The state approved a $584,800 grant from the Michigan Natural Resources Trust Fund in 2019 for East Bay Township to buy the 80-acre Holiday Woodlands Preserve on Five Mile Road (pictured) from a nonprofit group of local residents working to protect the property. The citizens' group was struggling to make payments on the mortgage and risked losing the property. The grant also allowed East Bay Township to purchase another 65 acres of natural land between the preserve and Mt. Holiday Ski Area, creating a combined 145-acre park called the Holiday Woodlands Natural Area.

Mt. Holiday – which uses part of the property for its Mud, Sweat, and Beers mountain bike race – has agreed to handle maintenance duties for the new natural area, while the Grand Traverse Regional Land Conservancy agreed to raise nearly $100,000 as a match for the grant funds. The park is home to trails, creeks, wetlands, sand dunes, artesian springs, and forested areas, as well as over 100 different species of wildlife including deer, black bears, coyotes, owls, foxes, bald eagles, and wild turkeys.

Green Lake Township Parks
The exploding popularity of pickleball courts nationwide has reached Green Lake Township, which is looking to build four new courts at Memorial Park off Karlin Road. The township is working with the local nonprofit Memorial Park Pickleball Association (MPPA) to raise funds for the project, according to Township Supervisor Marvin Radtke. While an initial construction estimate came in at $162,000, Radtke says he recently obtained a lower local estimate of $92,000 and is now working on lining up funding sources to finish the project. Green Lake Township has committed $10,000 toward the courts, with MPPA fundraising efforts helping to raise the total committed funding amount to nearly $27,000. Radtke appeared before Grand Traverse County commissioners last week to share that he’d soon be seeking county funding support for the courts, which he said were requested by seniors at the county’s Senior Center Network. An open-air fitness court is also being considered for Memorial Park.

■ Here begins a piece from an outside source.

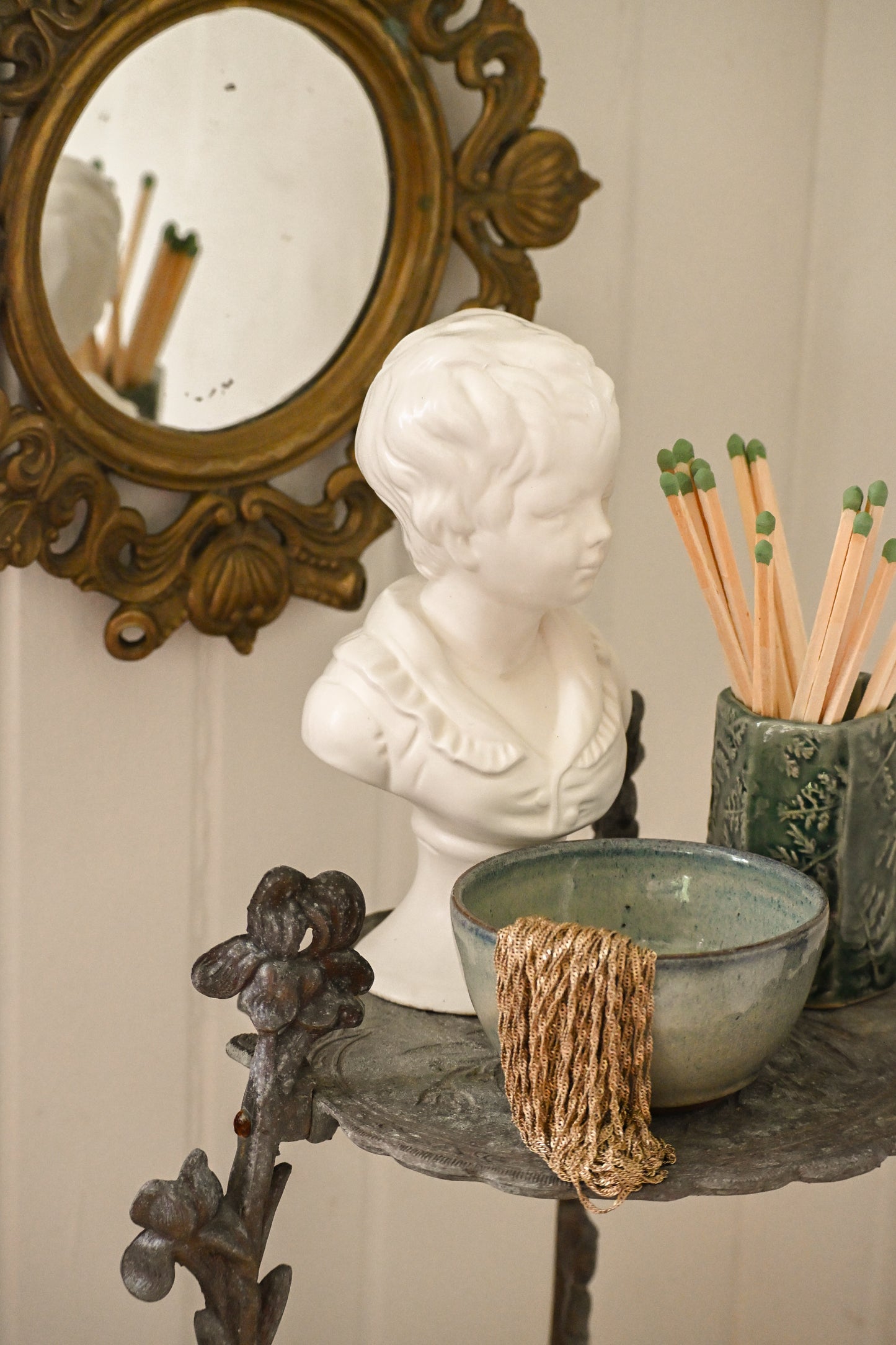 Rococo Scrollwork Mirror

Green Lake Township is also working on improvements at the 500-acre Camp Sakakawea – nicknamed Camp Saki – which the township recently acquired through a $569,200 grant from the Michigan Natural Resources Trust Fund grant, plus a $60,000 township match and $312,800 land value donation from Rotary Charities. “We want to try and keep it as natural as possible, with possible amenities like new trails, parking improvements, and perhaps a kayak launch facility,” says Radtke. Green Lake Township has also hired a full-time maintenance employee to help with upkeep at parks, including clearing trails and better defining public access pathways at Camp Saki – work planned to take place in the coming weeks.

ARPA Priorities
Finally, Grand Traverse County Parks and Recreation commissioners recently unanimously approved a list of priorities for park funding requests, which will be submitted to county commissioners as they consider how to spend $18.2 million in American Rescue Plan Act (ARPA) funding. Pointing to results from a community survey where residents identified infrastructure as a top priority for ARPA spending, Parks and Recreation Director John Chase said the $1.875 million in park requests are infrastructure-focused and designed to “cut across the widest swath of users.”

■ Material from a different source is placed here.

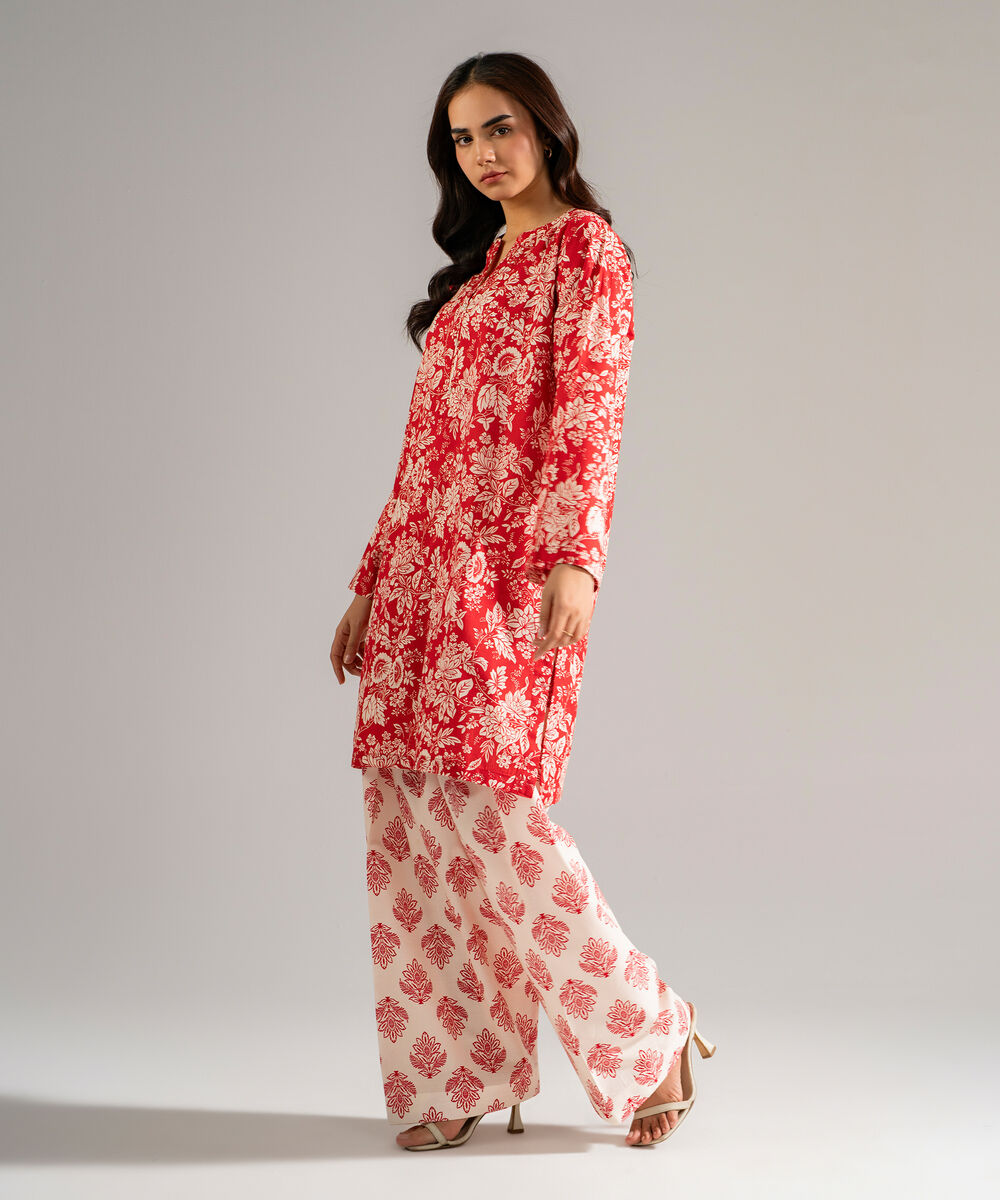 Printed Lawn Shirt โ Sapphire view 3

Several requests focus on the Civic Center, which is used by approximately one million people annually. The biggest ticket item is completely replacing and regrading the park’s walking track, as well as adding an adjacent two-foot-wide crushed limestone path for runners. The request also calls for either regrading and improving the park’s pedestrian bridge to make it ADA-compliant or else completely removing it, which could allow for two-way vehicle traffic from Garfield Avenue and the installation of a pedestrian crosswalk. Upgrading the plumbing at Howe Arena and renovating the Civic Center parking lots are also on the funding request list. Restroom upgrades are also proposed throughout Grand Traverse County, including replacing aging facilities at multiple parks – and adding features like new partitions, baby changing stations, improved ventilation, and touchless fixtures – as well as adding year-round vault bathrooms at Medalie Park and Maple Bay Natural Area.